- _Exercise data_
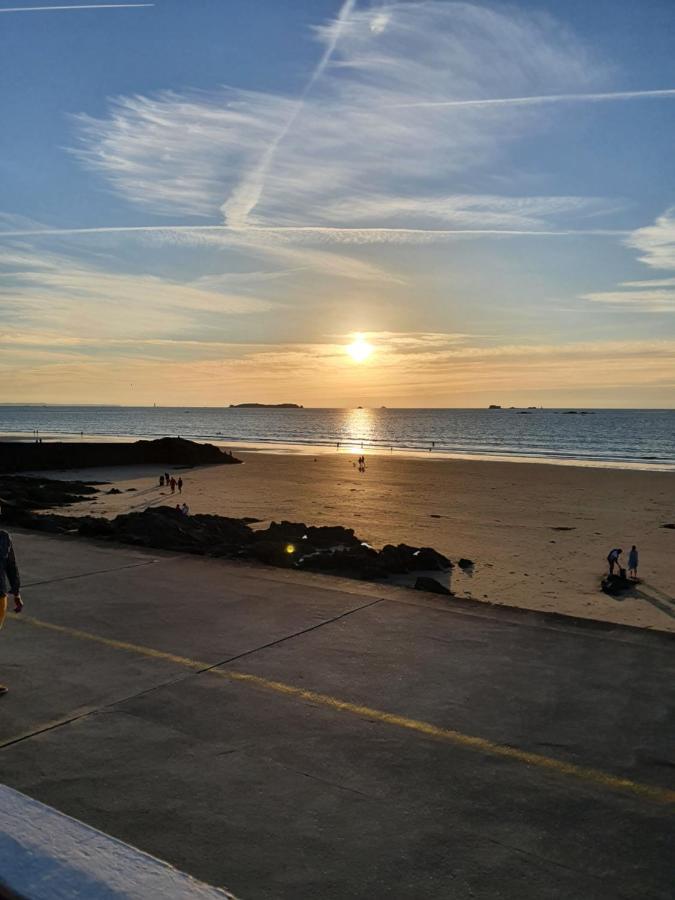 Le Clos Boheme Lägenhet Saint-Malo Exteriör bild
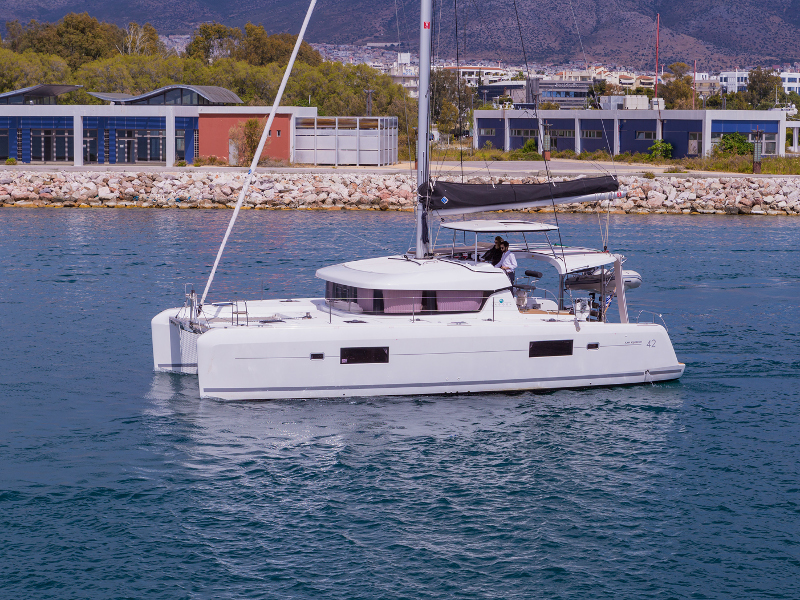 Lagoon 42 — photo 9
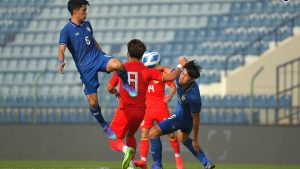 Thái Lan bị Fang Hao chọc thủng lưới bốn lần ở trận thua Trung Quốc 2-4 tại giải giao hữu Dubai Cup 2022 vì hàng thủ liên tiếp mắc lỗi.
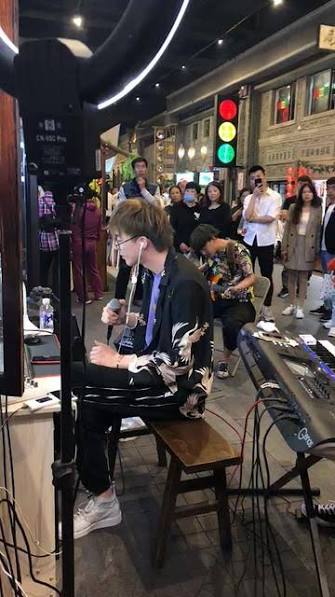  Lưu Vũ Ninh thời kỳ ban nhạc Modern Brothers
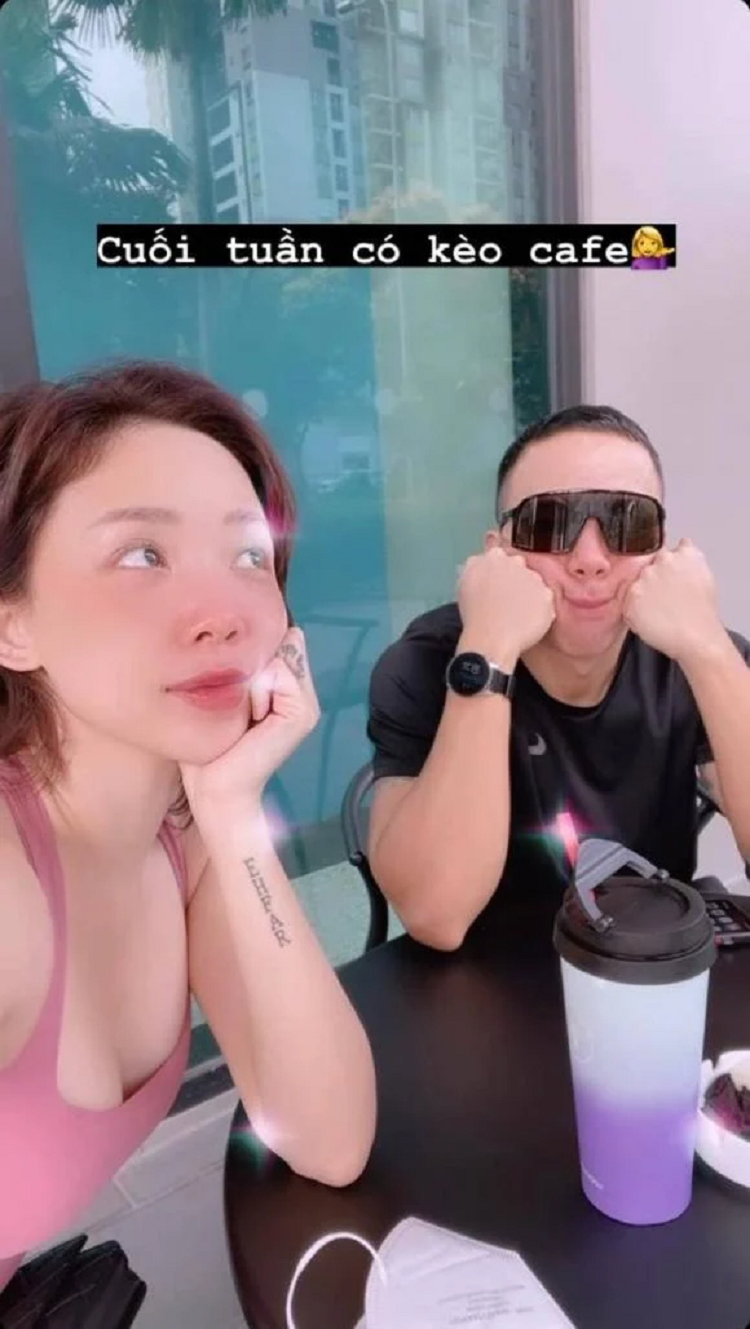 Tóc Tiên hiếm hoi khoe ảnh dạo phố cuối tuần cùng Hoàng Touliver Toc Tien hiem hoi khoe anh dao pho cuoi tuan cung Hoang Touliver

- _Required work_
Reproduce each entry verbatim, excluding any embedded images.

- _Output of the task_
 Le Clos Boheme Lägenhet Saint-Malo Exteriör bild
 Lagoon 42 — photo 9
 Thái Lan bị Fang Hao chọc thủng lưới bốn lần ở trận thua Trung Quốc 2-4 tại giải giao hữu Dubai Cup 2022 vì hàng thủ liên tiếp mắc lỗi.
  Lưu Vũ Ninh thời kỳ ban nhạc Modern Brothers
 Tóc Tiên hiếm hoi khoe ảnh dạo phố cuối tuần cùng Hoàng Touliver Toc Tien hiem hoi khoe anh dao pho cuoi tuan cung Hoang Touliver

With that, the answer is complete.